[Start of section]
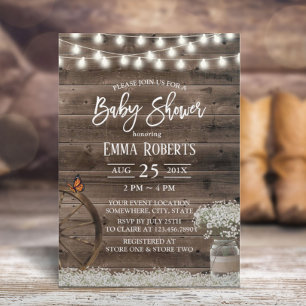 Rustic Baby's Breath Floral Barn Baby Shower Invitation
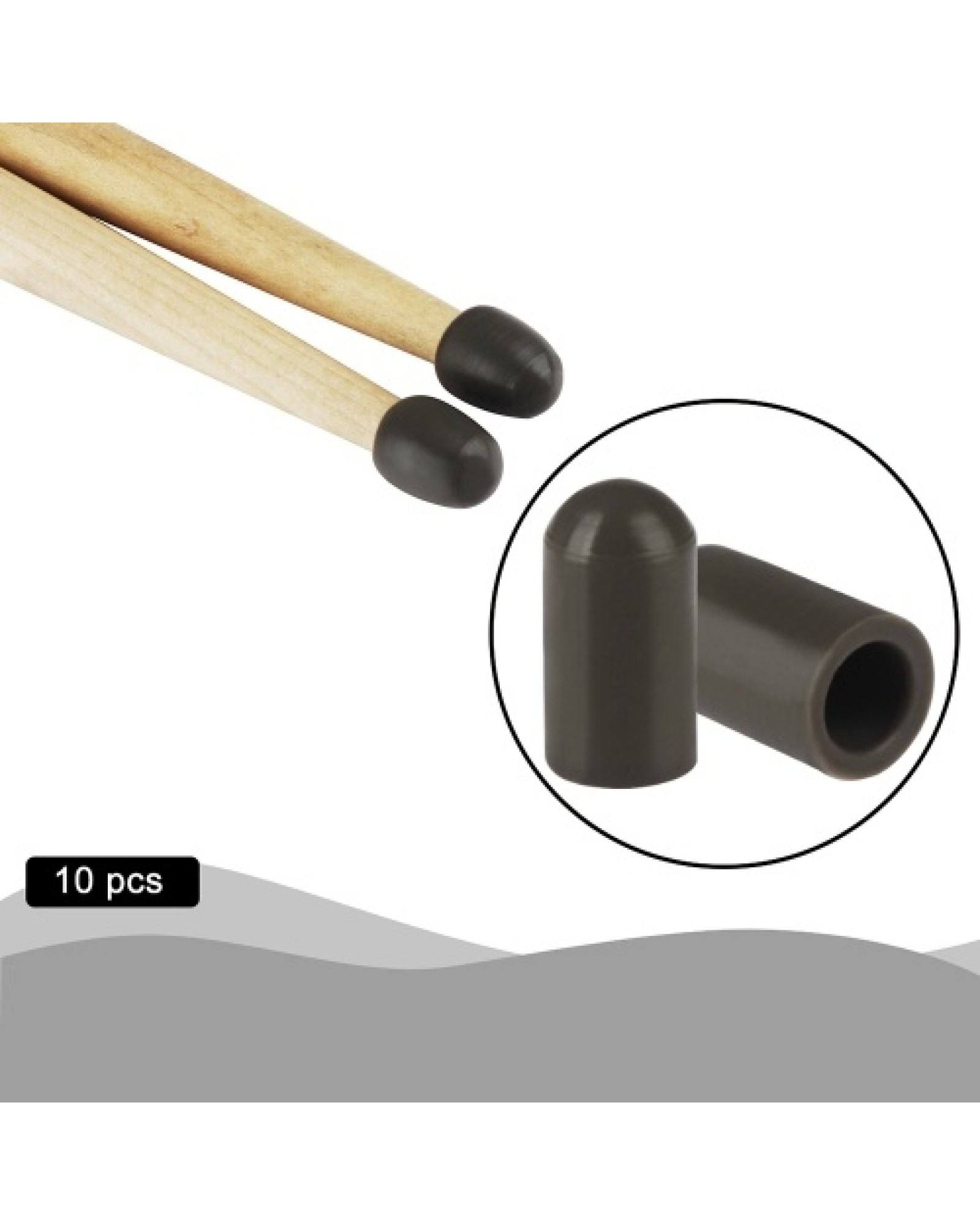 10pcs Drumstick Silent Tips Mute Drum Stick Mallet Protectors Covers Silicone Material Drum Set Accessories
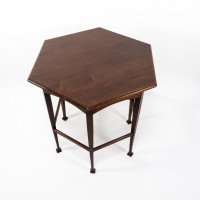 Liberty & Co., attributed. An Aesthetic Movement Hexagonal Side Table with Herringbone Inlay - Thumbnail 10
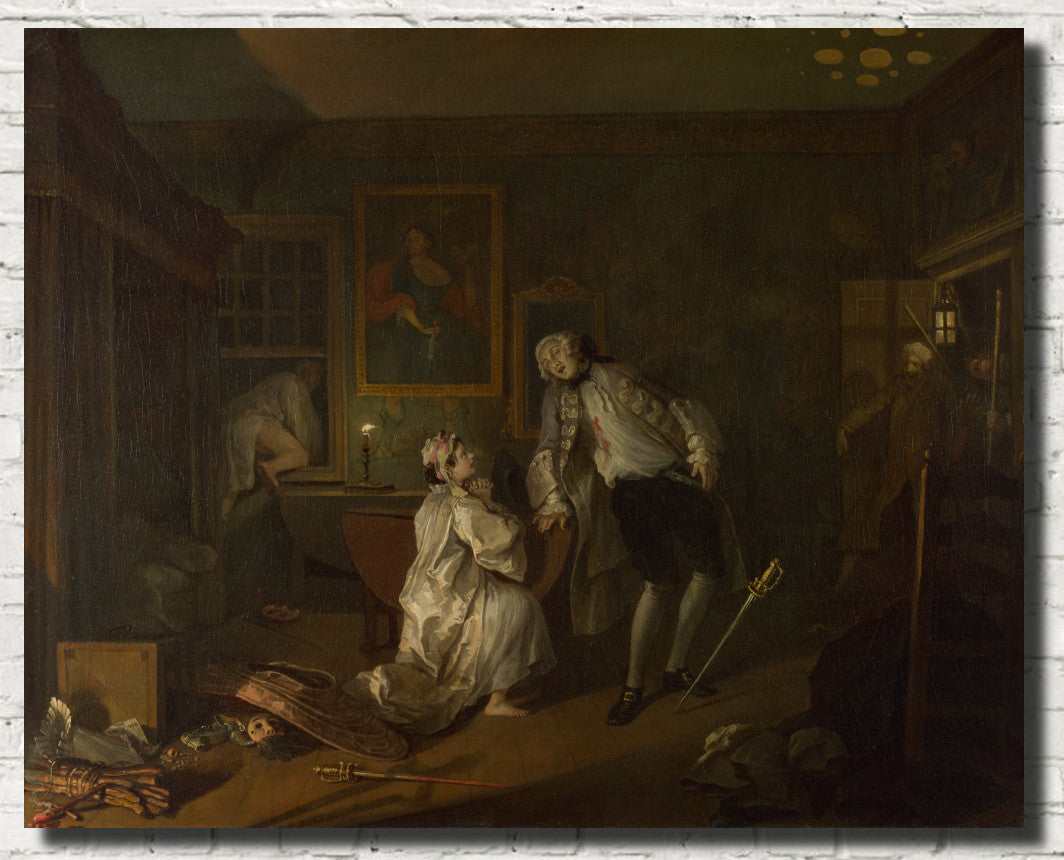 William Hogarth Fine Art Print, Marriage A-la-Mode 5, The Bagnio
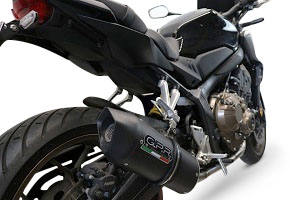 GPR auspuff kompatibel mit  Honda Cb 650 R 2019-2020, Furore Nero, Racing-Komplettsystem-Auspuff, einschließlich Krümmer und abnehmbarem DB-Killer 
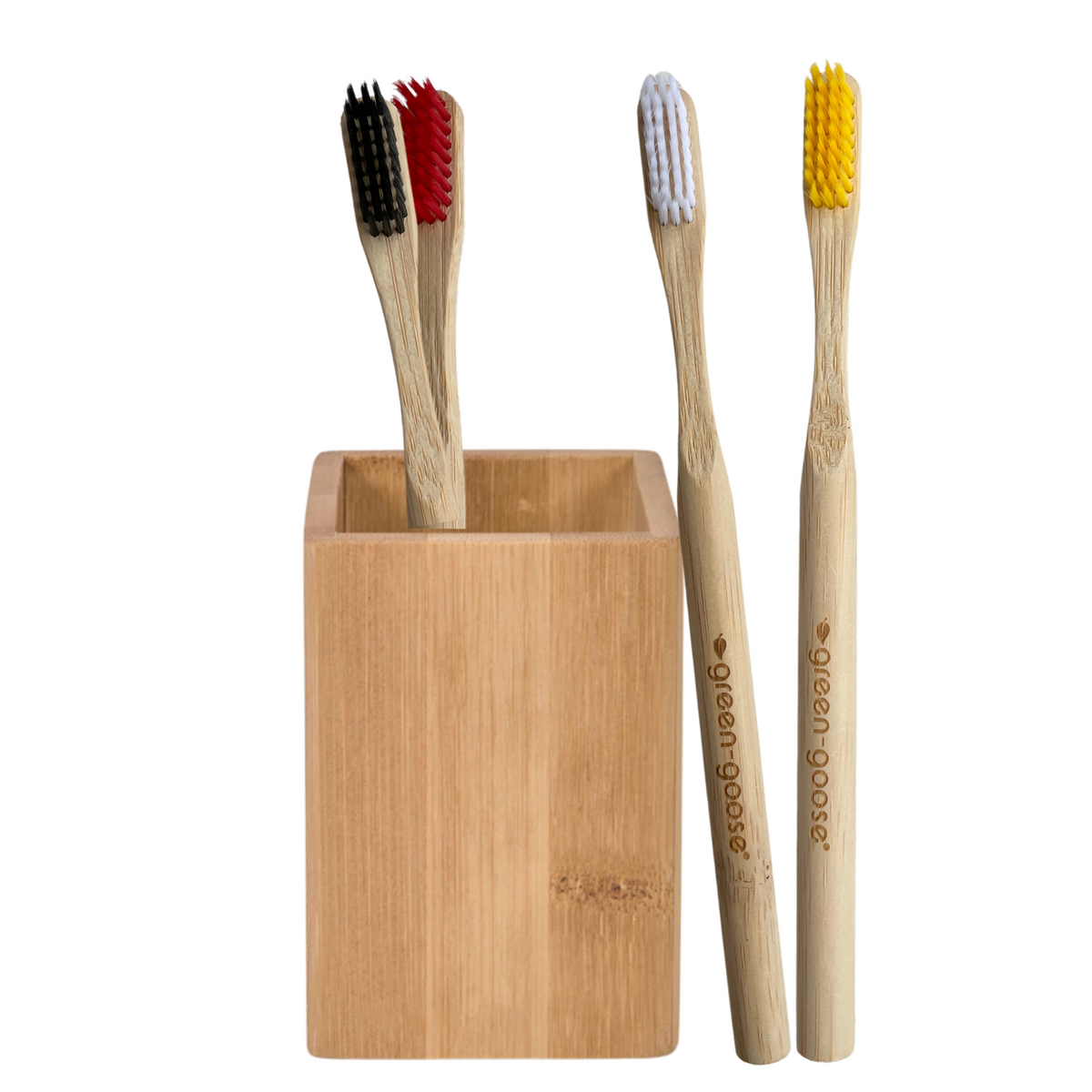 Bamboe tandenborstelhouder met 4 tandenborstels, 8,8 x 6,6 x 12,4 cm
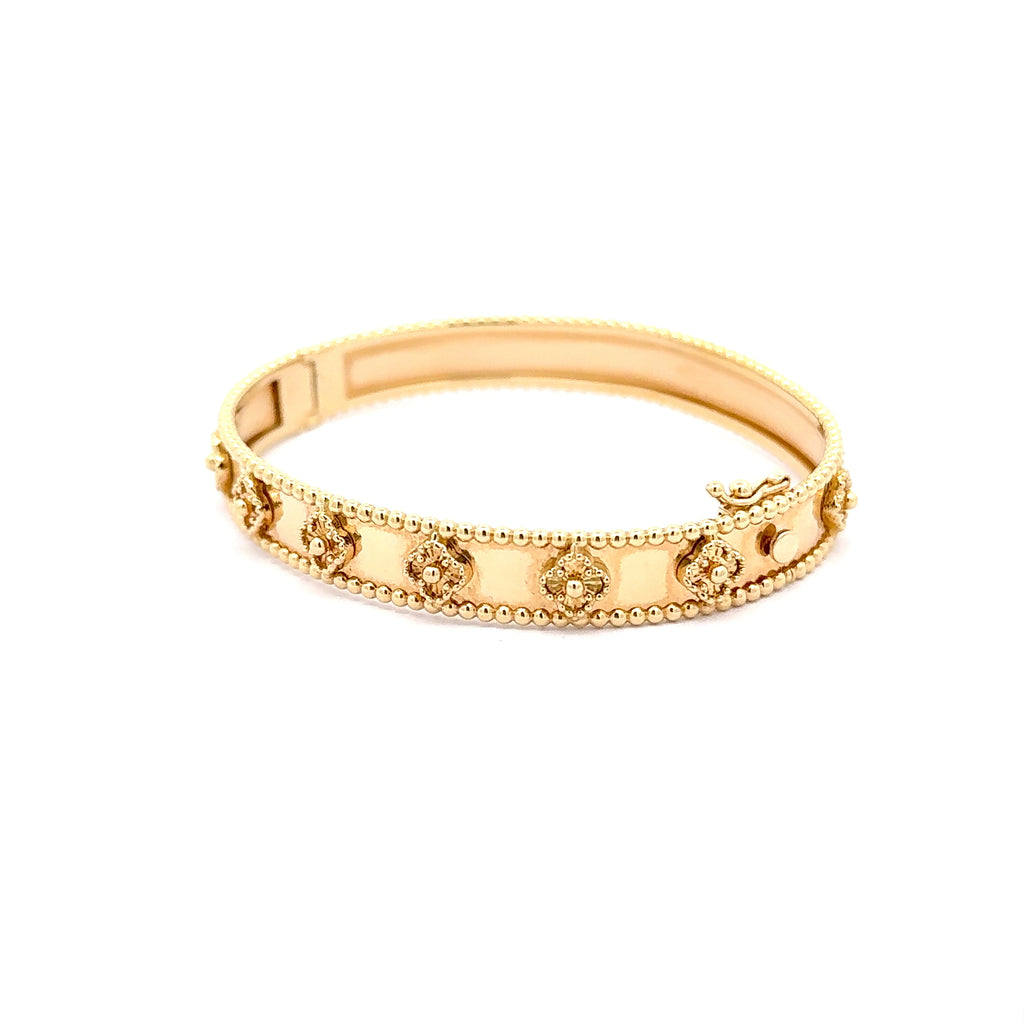 Floral Motif Yellow Gold Bangle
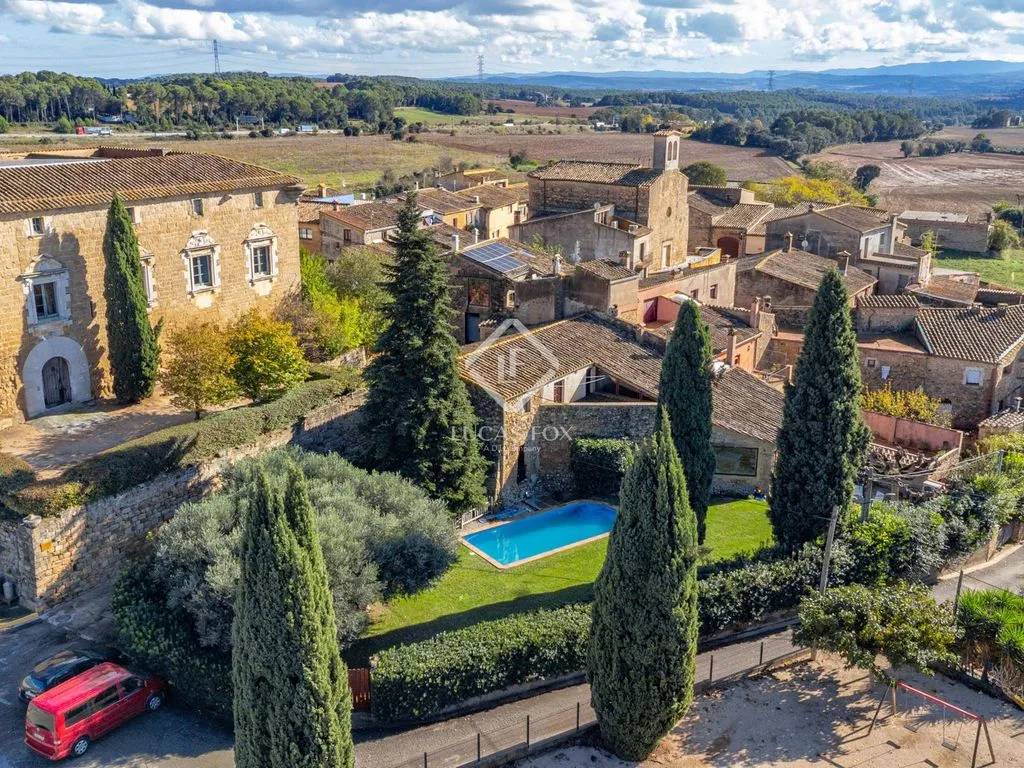 Aerial - Traditional Stone Cottage with Pool in Bàscara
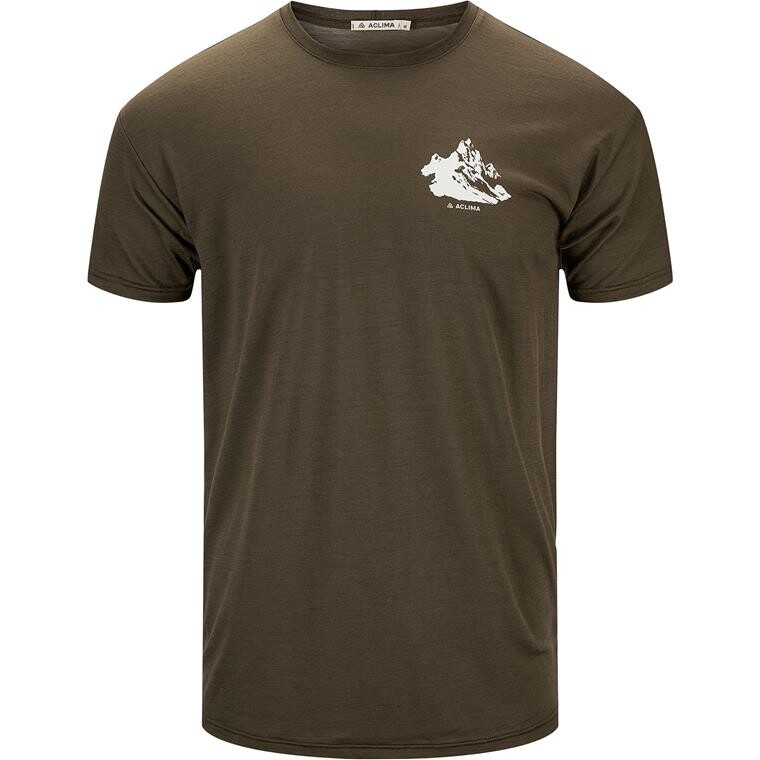 Aclima Mens LightWool Tee Print Mountain (Grøn (TARMAC) X-small)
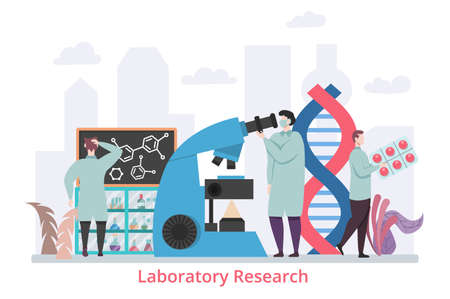 Concept of Laboratory Research, flat design vector illustrationのイラスト素材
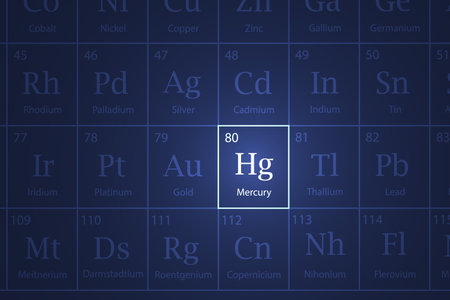 Mercury highlighted element in periodic table with glowing effectのイラスト素材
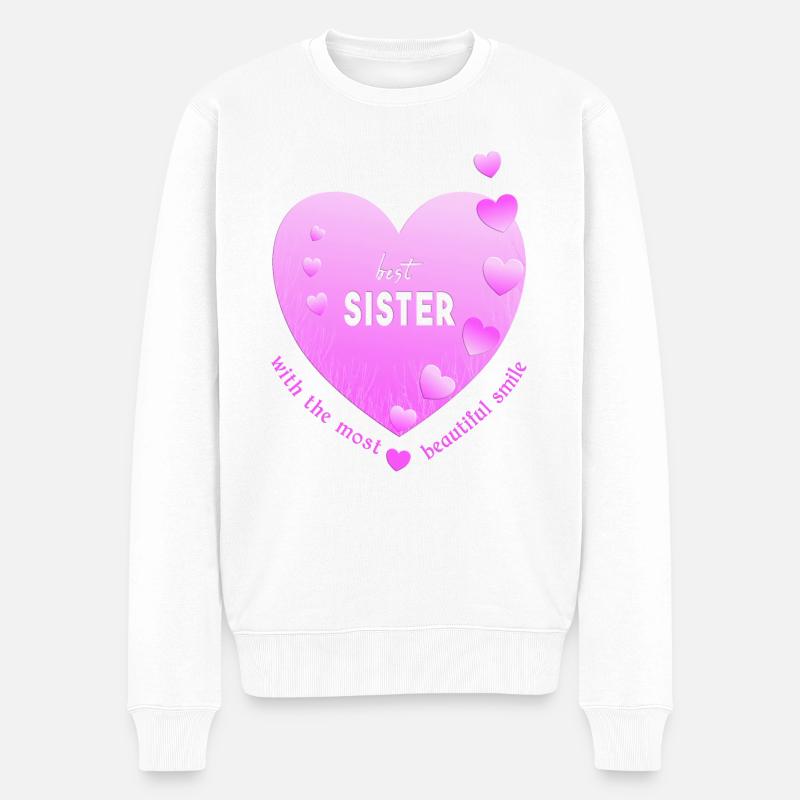 best sister - Männer Premium Bio Pullover - Weiß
[End of section]
* What needs to be done
The response should repeat each record precisely and contain no pictures.

* Exercise answer
 Rustic Baby's Breath Floral Barn Baby Shower Invitation
 10pcs Drumstick Silent Tips Mute Drum Stick Mallet Protectors Covers Silicone Material Drum Set Accessories
 Liberty & Co., attributed. An Aesthetic Movement Hexagonal Side Table with Herringbone Inlay - Thumbnail 10
 William Hogarth Fine Art Print, Marriage A-la-Mode 5, The Bagnio
 GPR auspuff kompatibel mit  Honda Cb 650 R 2019-2020, Furore Nero, Racing-Komplettsystem-Auspuff, einschließlich Krümmer und abnehmbarem DB-Killer 
 Bamboe tandenborstelhouder met 4 tandenborstels, 8,8 x 6,6 x 12,4 cm
 Floral Motif Yellow Gold Bangle
 Aerial - Traditional Stone Cottage with Pool in Bàscara
 Aclima Mens LightWool Tee Print Mountain (Grøn (TARMAC) X-small)
 Concept of Laboratory Research, flat design vector illustrationのイラスト素材
 Mercury highlighted element in periodic table with glowing effectのイラスト素材
 best sister - Männer Premium Bio Pullover - Weiß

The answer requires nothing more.